I don’t know why I can’t ever take on anything small. Or why once I start to get a picture in my head of something I can’t stop rolling it over, tweaking it, and messing with it. It gets very confusing for me to follow myself, let alone to try to relate it to someone else. I suppose it’s unusual to do this sort of thing in public. I don’t think about it that much, until something reminds me.

It’s been a weird couple of days. For the first time, someone physically recognized me from these pages— rather than finding these pages because they knew me. I was standing outside a building on campus smoking. A girl said “hey Jeff” or something to that effect. “I know you!” She looked vaguely familiar. But I couldn’t place her. Then she explained. “I ended up on your website on some sort of weird search . . . I saw your ogre photo. . . .” I can’t recall her name (I’m terrible that way) but she’s finishing a Ph.D. in English, and was there on campus teaching a class in marketing. We had a nice conversation, and I ended up explaining why I was looking at rhetoric programs instead of English. It comes down to being interested in everything, and not wanting to be tied down to literature alone. I said that I tend to write about too many different things to be satisfied otherwise. She said, “yes, I got that idea from your site.”

Talking to Krista the next day, she said “I don’t think you realize just how much its possible to learn about you from your site.” I freely assent that anyone who has read what I write here for any length of time can rapidly figure out that I’m more than a little bit neurotic, manic depressive, and above all else my hunger probably comes across fairly accurately. I’m obsessed with representation, and I try to represent my thoughts, feelings, and general attitudes as accurately as possible. I am well aware how hard such a project is, and given that I have a small audience to play to here in Arkansas, it has been exhilarating to try to relate some small piece of me to a larger audience without being too boring, morose, or too tied to the specific, resulting in a big pile of self-involved crap.

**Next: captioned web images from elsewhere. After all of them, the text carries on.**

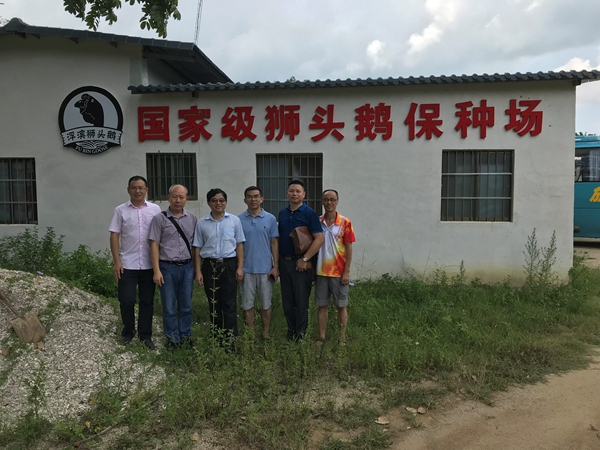 图片说明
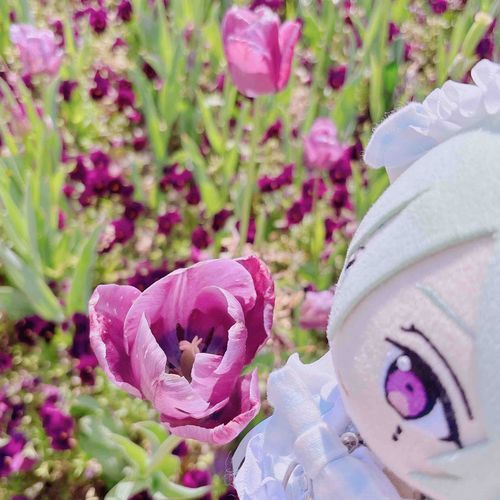 おはなー！🌷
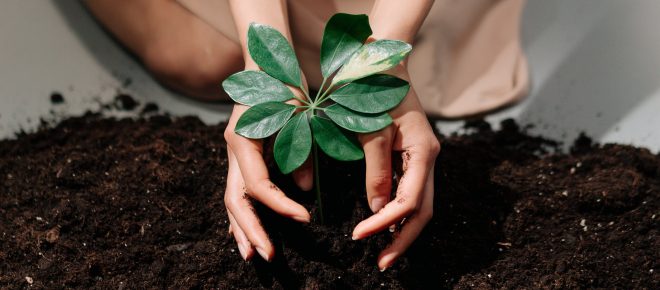 Qu&ecirc;nia decreta feriado para o plantio de bilh&otilde;es de &aacute;rvores nos pr&oacute;ximos 10 anos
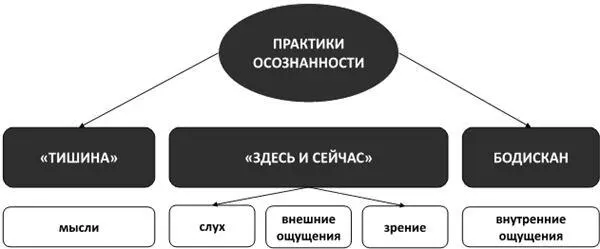 Рис 19Практики осознанности Перейдём к непосредственному изучению практик - фото 27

That’s the primary problem with portraiture. That was one of the directions my work as a photographer was evolving, and the audience for portraiture is narrowed by the desire to connect, or know more (outside the frame) about the person who is in it. Most (non-art) people have no interest whatsoever in pictures of people they don’t know. It’s a major challenge to get a lay audience to even look at them.

Portraits can be the most intense form of lying, when the representation doesn’t have anything to do with the reality of the person in it. There has to be some connection of thought, feeling, or desire to get someone to look at a portrait. I think that’s why celebrity portraiture is the only form that gets much attention. Portraiture is torn between the impulse to universalize (the person represented could be you) and to particularize (the person is different from you, from anyone).

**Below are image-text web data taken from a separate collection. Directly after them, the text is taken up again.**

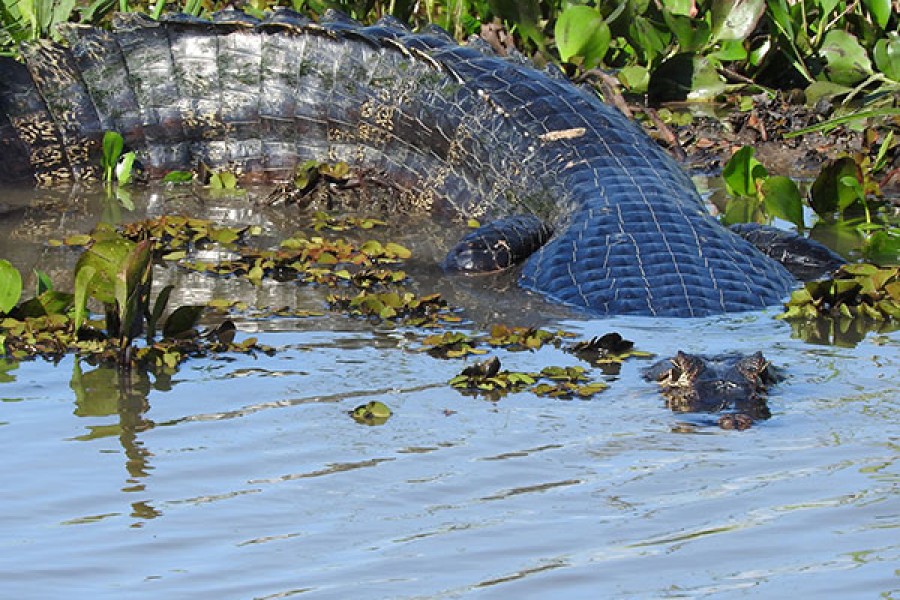 CHUCHINI AMAZON /WILDLIFE ADVENTURE TOUR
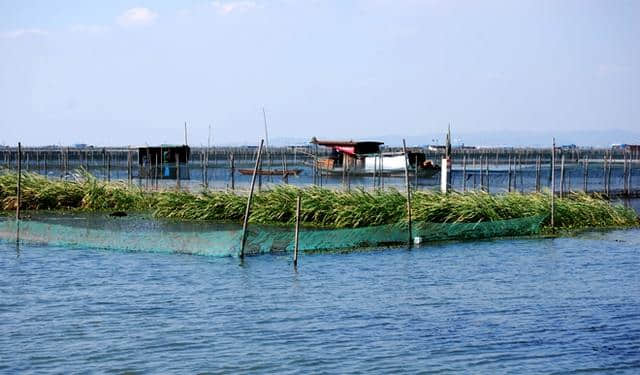 阳澄湖莲花岛吃蟹 莲花岛旅游攻略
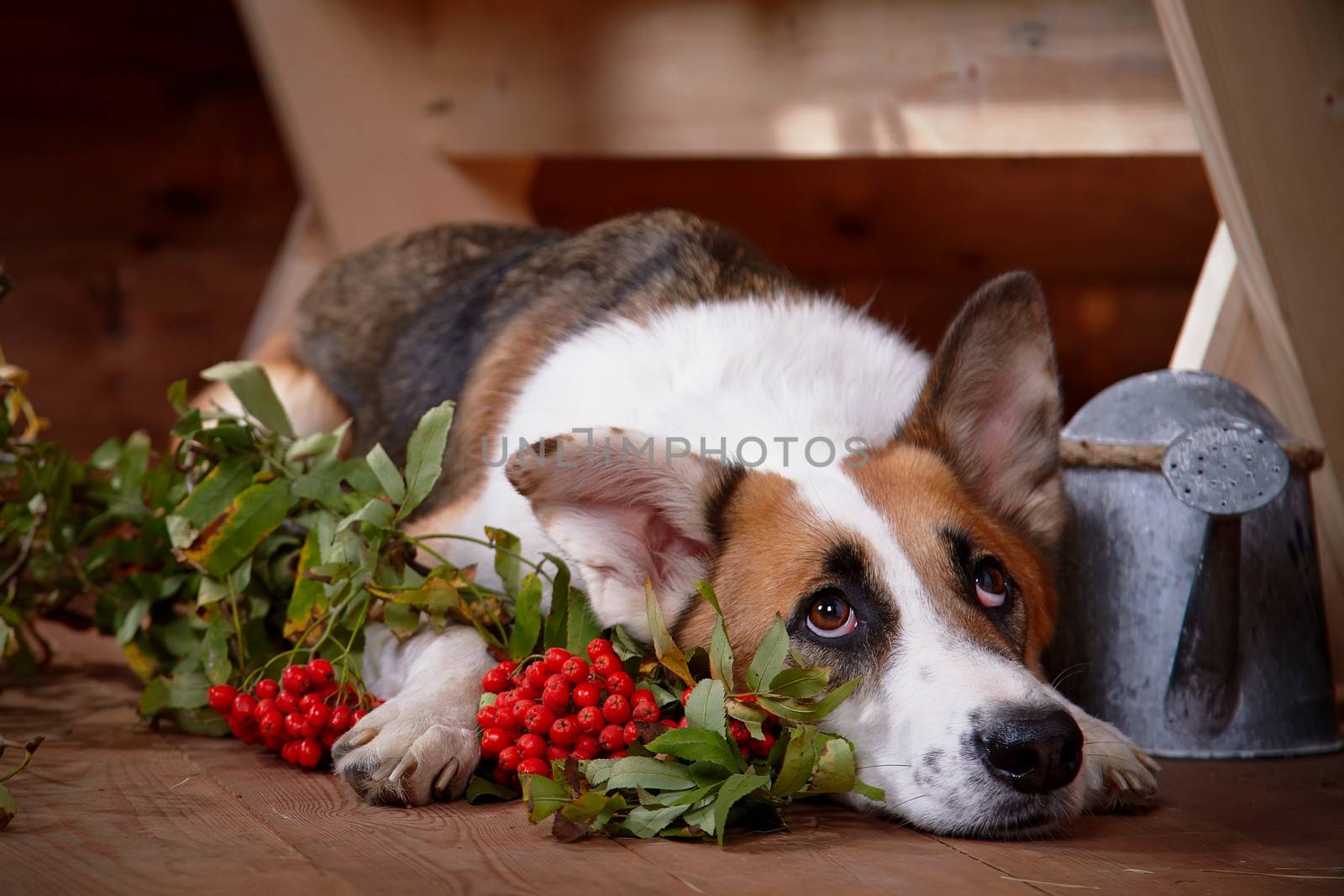 Sad dog with a mountain ash in the rural house. The dog lies under a bench in the rural house. Not purebred house dog.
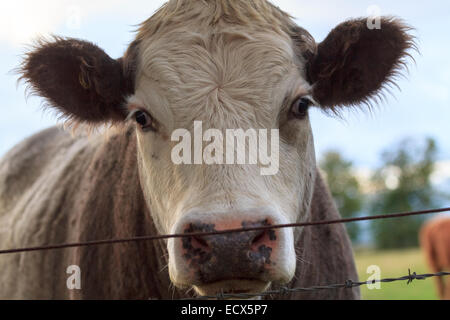 Ein Porträt einer Kuh hinter einem Zaun auf dem Weideland Stockfoto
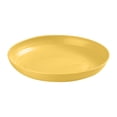 thumbnail image 2 of Grandes Assiettes Rondes en Plastique / Assiettes de Salle à Manger pour Collations, Salade et Os / Fond Antidérapant pour Protéger la Table / Durables et Résistantes aux Égratignures / Ensemble de 1 Assiette pour la Cuisine et la Maison, 2 of 3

For me, blogs are like that. The ones I love are filled with personality. Some of them are lies. Some of them I identify with. Some of them are incredibly different from me. I think that this aspect of representing yourself on the Internet follows many of the same forms, and conventions, as portraiture. People oscillate between an idealized vision of themselves, and a raw version with every hair, mole, and wrinkle standing out. But always, the goal is to connect to someone else in some way. There is no standard, no generalized prescription for representation. Only different ways of authorizing it as something worthy of attention.

Sometimes, this seems like a dusty album that belongs at the back of a drawer somewhere— moments of thought and feeling that pass as soon as they are uttered. I’m never the same from one day to the next, yet parts of me do seem constant and unchanging. Sometimes, it seems more like a giant atlas of places I’ve been, useful for research, useful because it contains a frozen moment of a fleeting congruence. I look up things that I haven’t thought about in a while sometimes and look at them and make fun of myself for being so stupid and ill-informed.

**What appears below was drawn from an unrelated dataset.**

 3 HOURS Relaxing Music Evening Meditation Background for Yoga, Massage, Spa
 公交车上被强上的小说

When I pulled out the Aperture special issue on David Wojnarowicz a couple of days ago, I remember how much it blew me away when I first saw it. It still does. I admire him as an artist not because he is the same as I am, but because he is so profoundly different. Sometimes, difference is good. I wish I had written about it then. I’m curious what I might have said. But the last few years are hanging around here, for praise or damnation, for anyone to see. It doesn’t bother me, really. When I started doing this it was with the feeling that I still have— that there is nothing, besides life-itself, left for me to lose. Now that’s a scary— and big— thought.

Recognition contains within it two amazing roots— re, which means to do something again, or to look deeper— and cognition— to think about it.

1 thought on “Big”

  1. Fascinating connection between weblogs and portraiture! I think you’ve hit the nail on the head (as it were) for me: when I was making pictures I was most interested in portraiture too. And you’re right, it’s very hard to get a non-photography audience interested in pictures of people they don’t know or don’t find (very) attractive.
    The biggest difference would be that most ~ not all, of course ~ blogs are self-portraits. Photographic portraits are indirectly self-portraits (the way anything authored is), but actual self-portraiture is a very small sub-domain of photographic portraiture.